Secondo quanto riferito dal primo cittadino, sul cartello di cantiere sarebbe comparsa una nuova data di ultimazione dei lavori, con riferimento a una determina datata 11 maggio. Una modifica che, sottolinea De Maria, non sarebbe mai stata comunicata formalmente all’amministrazione comunale.
«Al Comune di Latronico, ad oggi, non risulta notificato alcun atto ufficiale che comunichi questa modifica», afferma il sindaco, annunciando l’avvio di una procedura di accesso agli atti per acquisire tutta la documentazione relativa al cantiere.

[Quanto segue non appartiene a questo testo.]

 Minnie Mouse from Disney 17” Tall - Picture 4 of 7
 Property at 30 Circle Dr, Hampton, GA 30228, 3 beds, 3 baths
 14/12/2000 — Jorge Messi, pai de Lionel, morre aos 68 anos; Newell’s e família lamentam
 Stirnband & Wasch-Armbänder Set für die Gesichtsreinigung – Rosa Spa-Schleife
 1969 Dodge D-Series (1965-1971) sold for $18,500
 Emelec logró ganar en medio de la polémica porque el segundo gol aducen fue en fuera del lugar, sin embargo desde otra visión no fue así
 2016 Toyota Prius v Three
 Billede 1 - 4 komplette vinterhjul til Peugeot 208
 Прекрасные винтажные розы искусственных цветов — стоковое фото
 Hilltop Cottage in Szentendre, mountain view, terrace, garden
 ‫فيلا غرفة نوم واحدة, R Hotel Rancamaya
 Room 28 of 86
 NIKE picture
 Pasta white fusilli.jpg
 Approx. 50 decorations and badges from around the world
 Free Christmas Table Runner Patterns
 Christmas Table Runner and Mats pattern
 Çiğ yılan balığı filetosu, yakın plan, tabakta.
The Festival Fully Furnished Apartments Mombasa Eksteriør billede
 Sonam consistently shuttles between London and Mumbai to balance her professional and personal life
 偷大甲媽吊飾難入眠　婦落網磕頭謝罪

La questione sarà portata anche al tavolo istituzionale richiesto al Prefetto, dove l’amministrazione comunale chiederà chiarimenti sui tempi di completamento dell’opera, un’accelerazione degli interventi e l’accertamento di eventuali responsabilità.
De Maria punta inoltre l’attenzione sulle ricadute che il protrarsi dei lavori sta producendo sul territorio. «Non faremo sconti a nessuno sui danni che la nostra comunità sta subendo», afferma il sindaco, evidenziando le difficoltà che cittadini e attività economiche stanno affrontando a causa della situazione.
L’amministrazione comunale annuncia anche iniziative a sostegno delle categorie maggiormente penalizzate. Nei prossimi giorni sarà infatti convocato un incontro con gli operatori economici che stanno risentendo dei disagi legati alla chiusura e ai ritardi del cantiere, con l’obiettivo di ascoltare le criticità e valutare possibili misure di supporto.
Parole dure quelle del primo cittadino, che non nasconde il proprio malcontento: «Come sindaco mi sento preso in giro e credo che lo stesso sentimento sia condiviso da tanti cittadini e operatori economici». Un messaggio accompagnato dalla promessa di non lasciare sola la comunità in una vicenda che continua a suscitare forte preoccupazione nel territorio di Latronico.